Mon tableau n'est pas sur la cimaise non plus, mais Tony assure qu'on le voit très bien et que le tableau qui est dessous n'est pas grand. La tète d'irma est sur la cimaise et dans un angle, par conséquent place d'honneur. Enfin il dit que j'ai une bonne exposition.

Seulement comme le tableau n'est pas sur la cimaise Machiavel me souffle un moyen. Je viens d'écrire à l'excellent, au naïf architecte une lettre ou je lui dis qu'il se trame contre moi une machination dont le résultat serait quelques lignes désobligeantes de Wolff sur mon exposition.

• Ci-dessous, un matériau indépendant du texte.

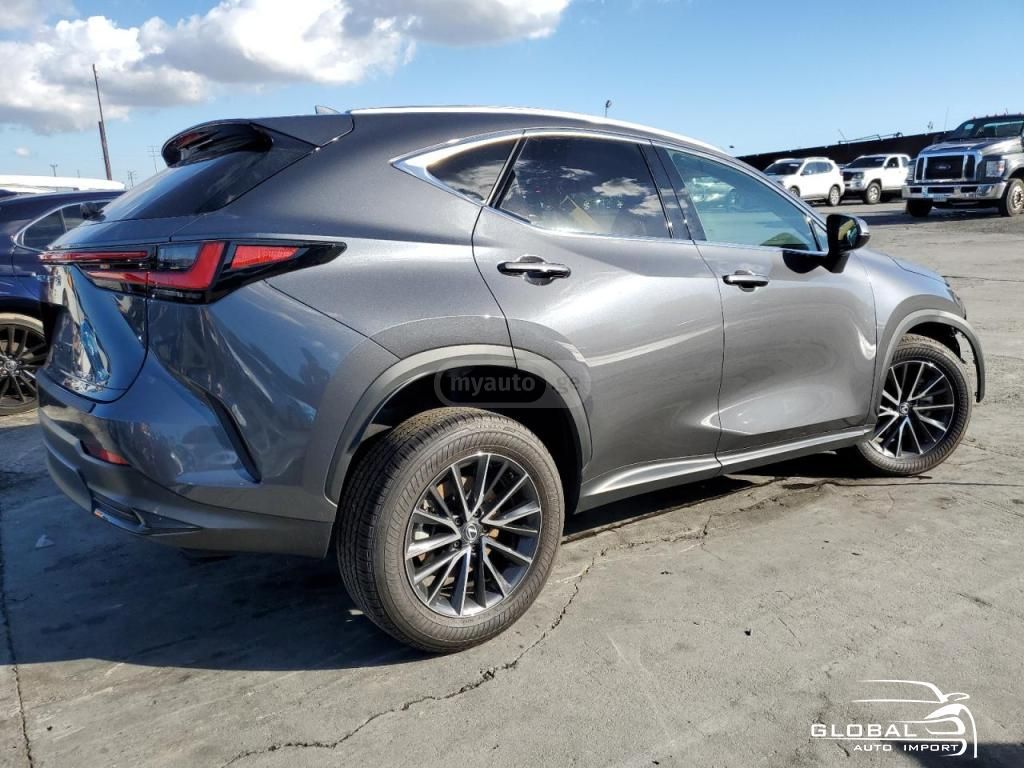 Lexus NX 350 - фото 1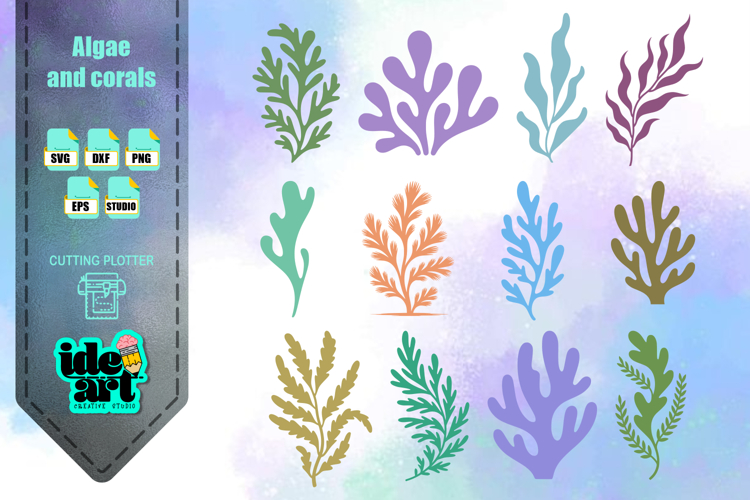 Algae and corals set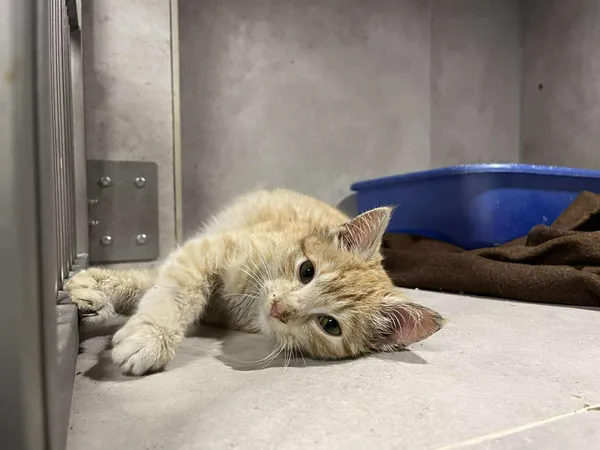 Znaleziono kota, Sosnowiec, 9 stycznia 2026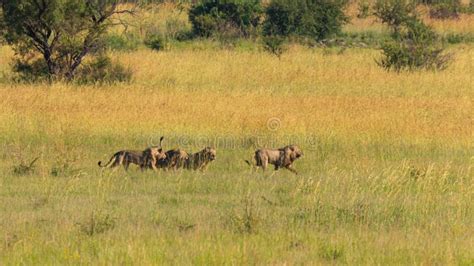 Four Male Lions Fighting for Territory, Pilanesberg National Park, South Africa. Stock Image ...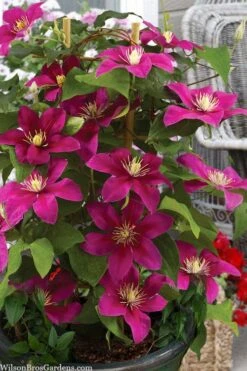 Acropolis Clematis - 1 Gallon Pot -Flowers World Shop clematis acropolis 7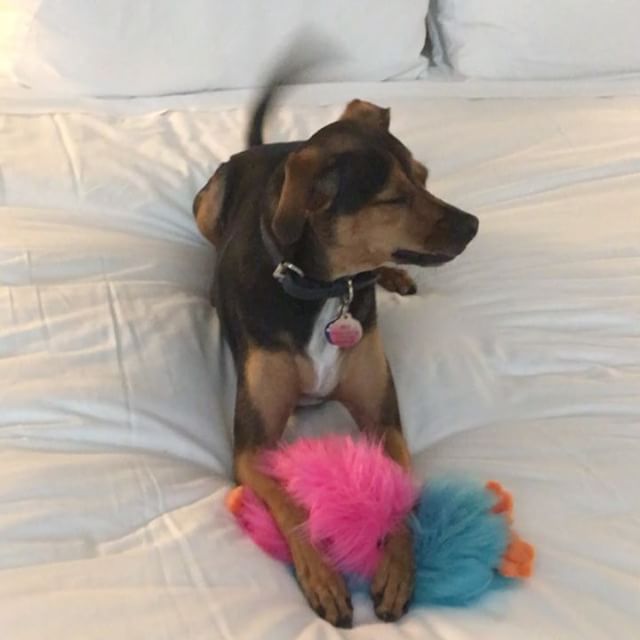 01 mei: Safe to say that Indy loves her new toys. #puppylove #playtime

Wolff ne me connaît pas et n'aura pas de raison pour ne pas accueillir ces renseignements d'autant plus qu'ils lui seront fournis par un monsieur qui... Mais c'est trop long à expliquer. Enfin vous qui connaissez Wollf si vous pouviez parer ce coup bien monté etc. N'est-ce pas abominable d'avoir à lutter contre tant de malveillance avant même d'avoir du talent. Ça donne envie d'enrager le monde et je voudrais bien avoir du talent et des articles ! Ce n'est pas chrétien mais tant pis !

Nous verrons si ça servira à quelque chose. C'est écrit avec une mauvaise plume, il y a des pâtés, enfin j'ai l'air d'être en proie à une vive émotion.

Comme presque tous les soirs il y a du monde à dîner, les Engelhardt, Dusautoy, ou la princesse ou, tout ça ensemble. Je les écoute et me dis que voilà des gens qui ne font rien et qui passent leur vie à dire des niaiseries ou des potins. Ils sont plus heureux que moi... Leurs tracas sont autres et ils souffrent autant. Et ils ne jouissent pas autant que moi de tout. Une quantité de choses leur échappent, des riens, des subtilités, des reflets qui sont pour moi un champ d'observations et une source de plaisirs inconnus du vulgaire. Mais aussi je [Mots noircis: suis peut] être plus sujette que beaucoup à ces contemplations, des grandeurs de la nature autant que des mille détails de Paris. Un passant, une expression d'yeux d'enfants ou de femme, une annonce, que sais-je ? quand je vais au Louvre, traverser la cour, monter l'escalier par le sillon tracé par les millions de pieds qui l'ont foulé; ouvrir cette porte, et les gens que l'on y rencontre, on leur prête des histoires, on les suit dans leur être intime, on se représente leur vie; en un instant, puis d'autres pensées, d'autres impressions... Tout cela s'enchaîne et tout cela est divers. Il y a là sujet à ... Est-ce que je sais. Et si depuis ce grand malheur je suis moins que tout le monde, il y a peut-être des compensations...

Oh ! Non. Tout le monde le sait et la première chose que l'on doit dire en me nommant: elle est un peu sourde vous savez ? - Je ne sais comment je puis l'écrire.